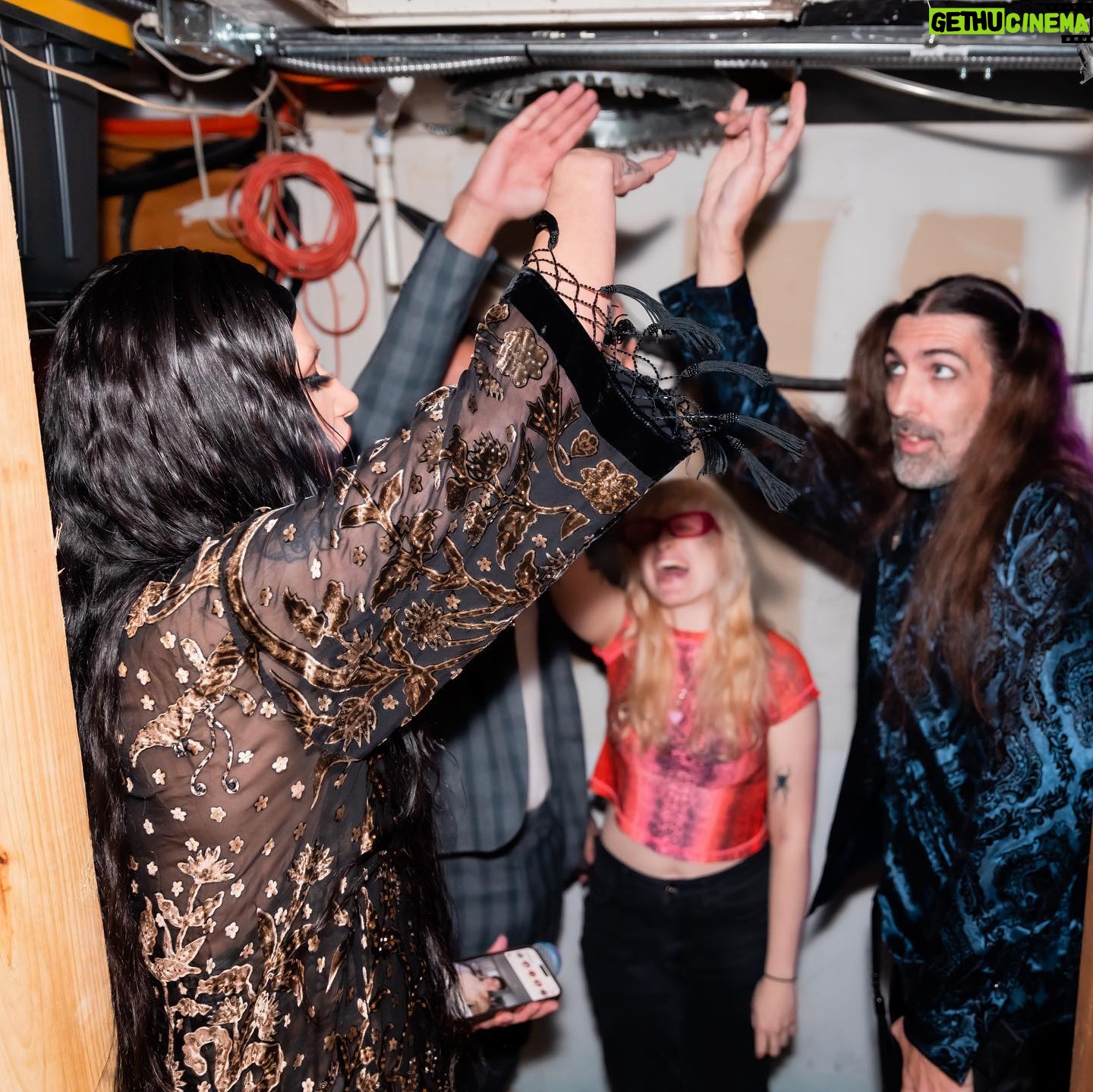 Adore Delano Instagram - From the connections I made on this tour to all the work they put in each night.. I am big grateful with a full heart & can truly say I made some lifelong homies. I love you guys to the moon & back. THANK YOU for absolutely killing it every night! π€ππ€ππ€ #rockshow β‘οΈTill next time my loves π€πΌ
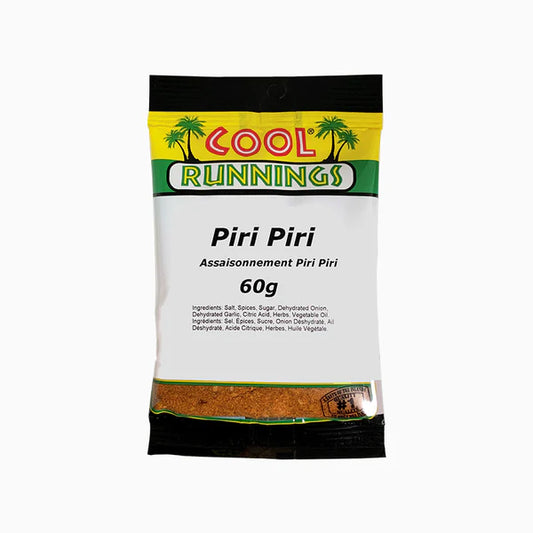 Cool Running piri piri 60g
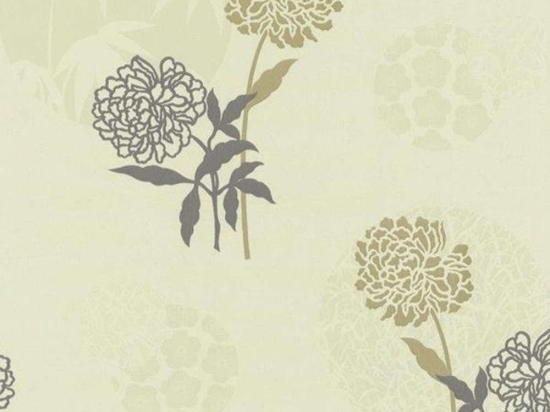 Ταπετσαρία Τοίχου Tresor P&S 42033-40 53x1005cm Beige-Grey New Plan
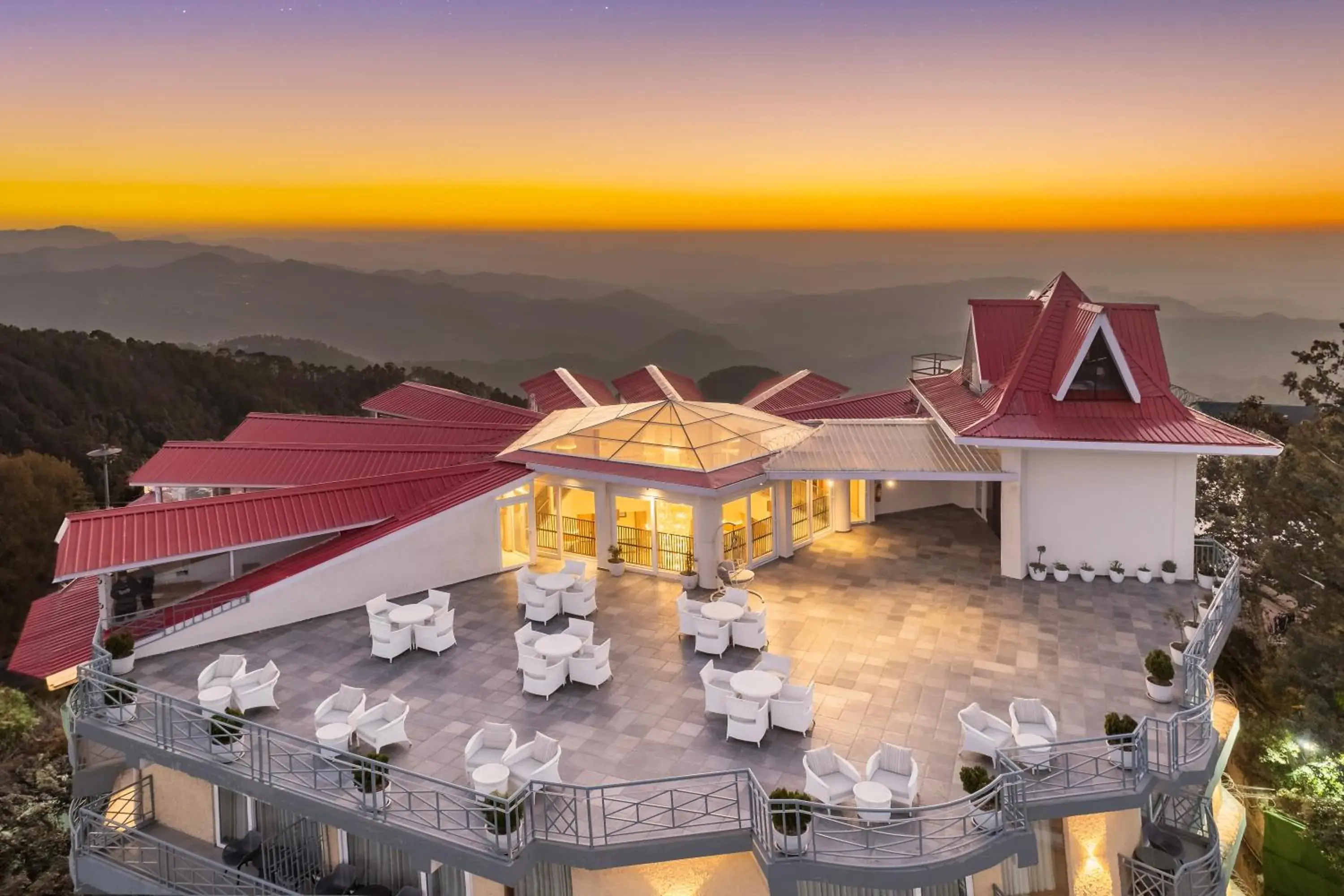 Property building in Snow Valley Heights Property building in Snow Valley Heights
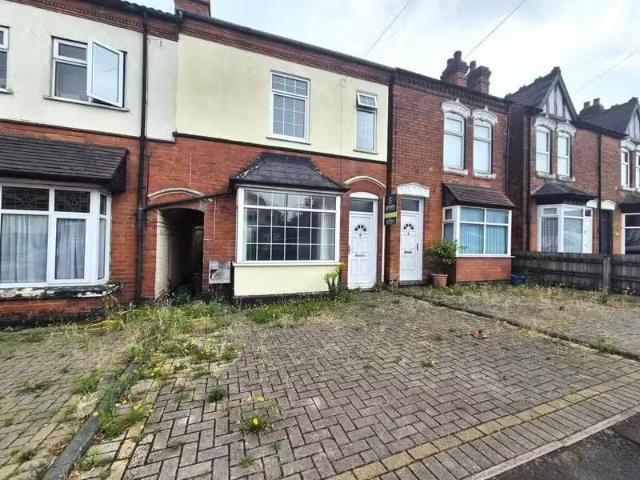 House for rent in Sutton Coldfield, West Midlands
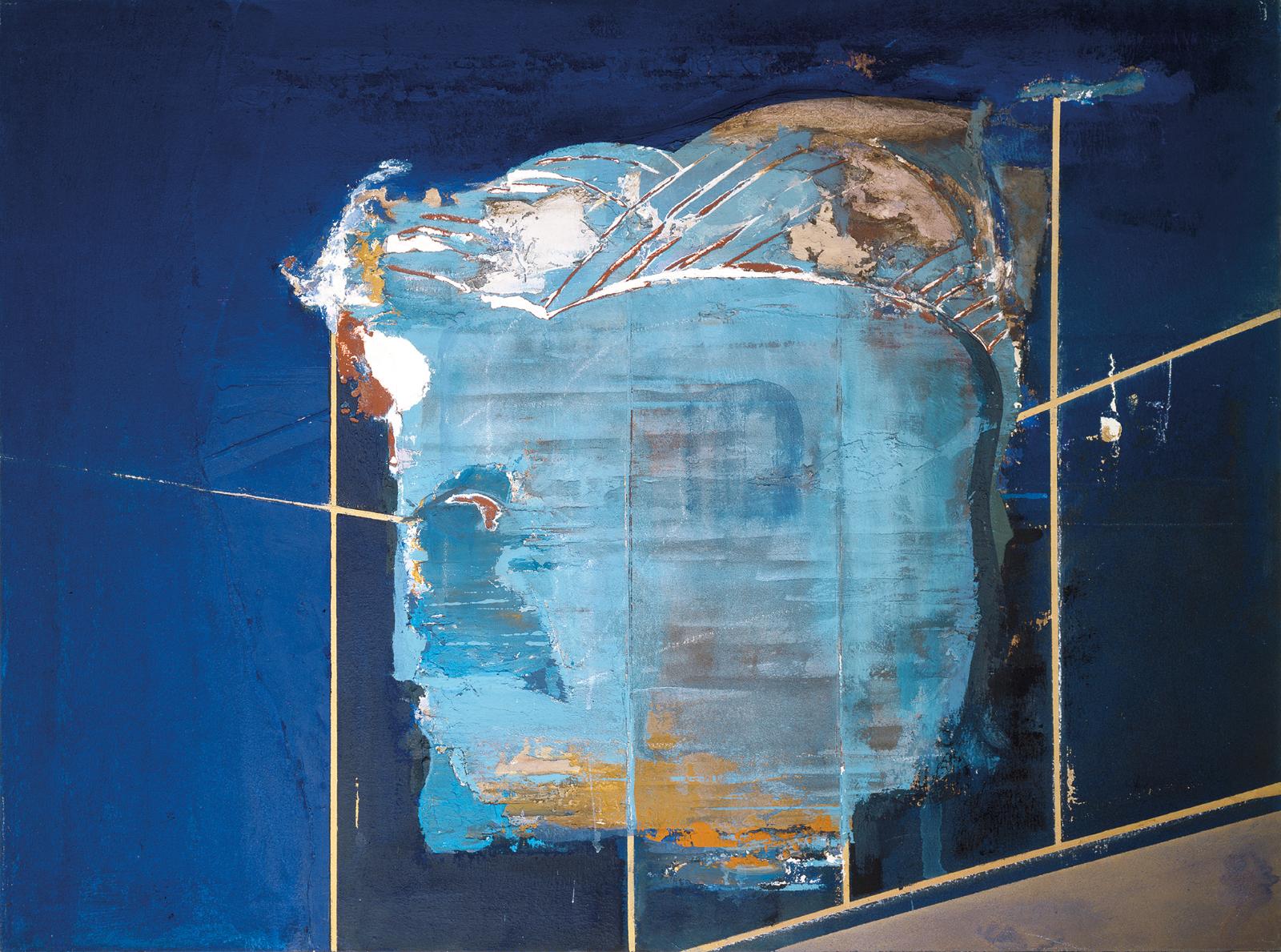 RUDOLF HAEGELE - EINFÜGUNG IN DIE ZEIT BIS ZUM 05. JULI 2026 IN DER STÄDTISCHEN GALERIE IN AALEN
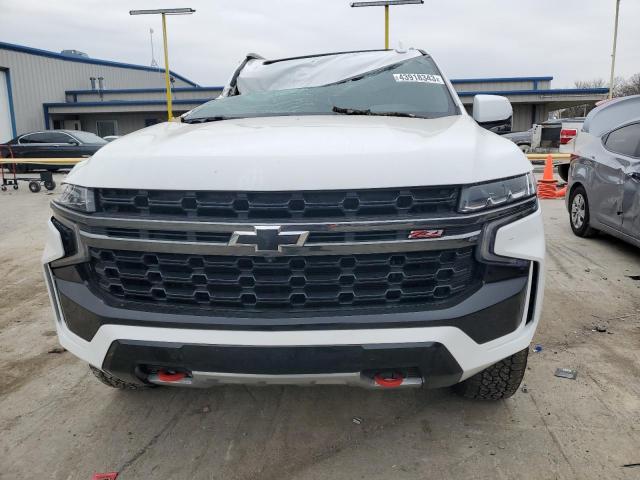 Aukcja sprzedaży 2022 Chevrolet Tahoe K1500 Z71, vin: 1GNSKPKL2NR104597, numer aukcji: 43918343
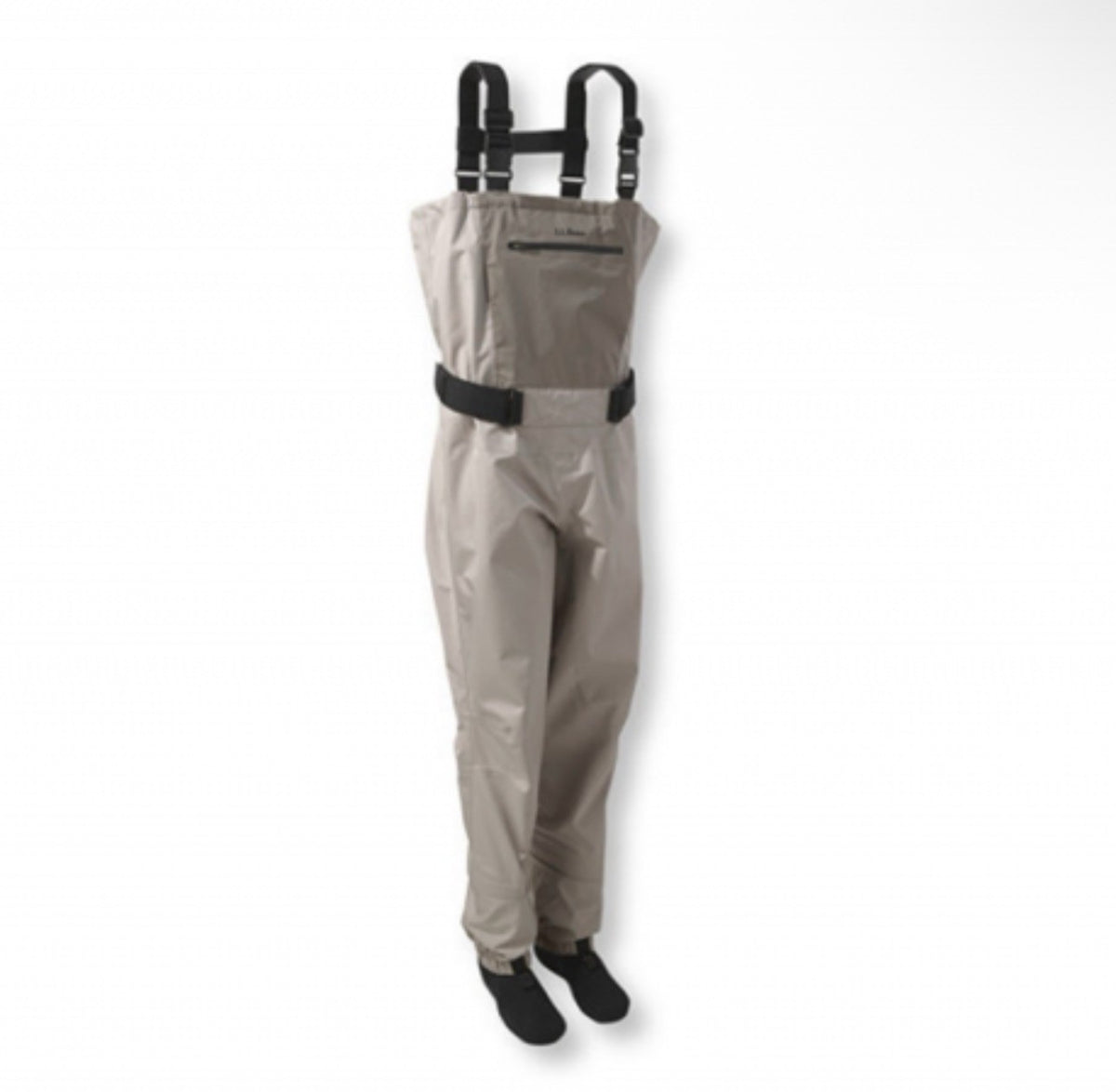 L.L.Bean Women’s S Emerger Super Seam Stretch Stockingfoot Waders Fly Fishing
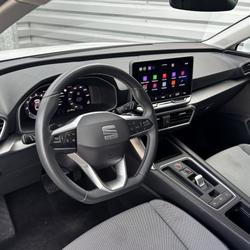 Seat Leon 1.5 ETSI 115 Style DSG 21330KMS Mign&eacute;-Auxances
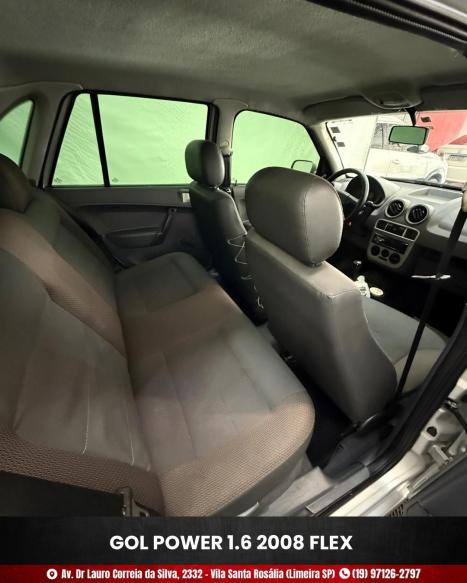 VOLKSWAGEN Gol 1.6 4P G4 POWER FLEX, Foto 13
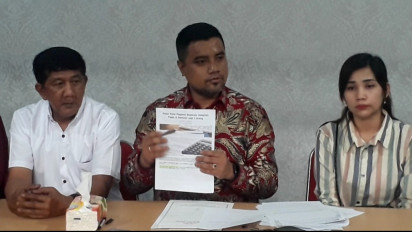 Kisah Kematian Bripka AS, Kapolri Diminta Bentuk Timsus Pengungkap Fakta Tewasnya serta Kasus Penggelapan PKB UPTD Samsat Samosir Sejak 2018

**EXERCISE:** Word for word, restate all of the records. Exclude the pictures.

**ANSWER TO THE PROBLEM:**
 Adore Delano Instagram - From the connections I made on this tour to all the work they put in each night.. I am big grateful with a full heart & can truly say I made some lifelong homies. I love you guys to the moon & back. THANK YOU for absolutely killing it every night! π€ππ€ππ€ #rockshow β‘οΈTill next time my loves π€πΌ
 Cool Running piri piri 60g
 Ταπετσαρία Τοίχου Tresor P&S 42033-40 53x1005cm Beige-Grey New Plan
 Property building in Snow Valley Heights Property building in Snow Valley Heights
 House for rent in Sutton Coldfield, West Midlands
 RUDOLF HAEGELE - EINFÜGUNG IN DIE ZEIT BIS ZUM 05. JULI 2026 IN DER STÄDTISCHEN GALERIE IN AALEN
 Aukcja sprzedaży 2022 Chevrolet Tahoe K1500 Z71, vin: 1GNSKPKL2NR104597, numer aukcji: 43918343
 L.L.Bean Women’s S Emerger Super Seam Stretch Stockingfoot Waders Fly Fishing
 Seat Leon 1.5 ETSI 115 Style DSG 21330KMS Mign&eacute;-Auxances
 VOLKSWAGEN Gol 1.6 4P G4 POWER FLEX, Foto 13
 Kisah Kematian Bripka AS, Kapolri Diminta Bentuk Timsus Pengungkap Fakta Tewasnya serta Kasus Penggelapan PKB UPTD Samsat Samosir Sejak 2018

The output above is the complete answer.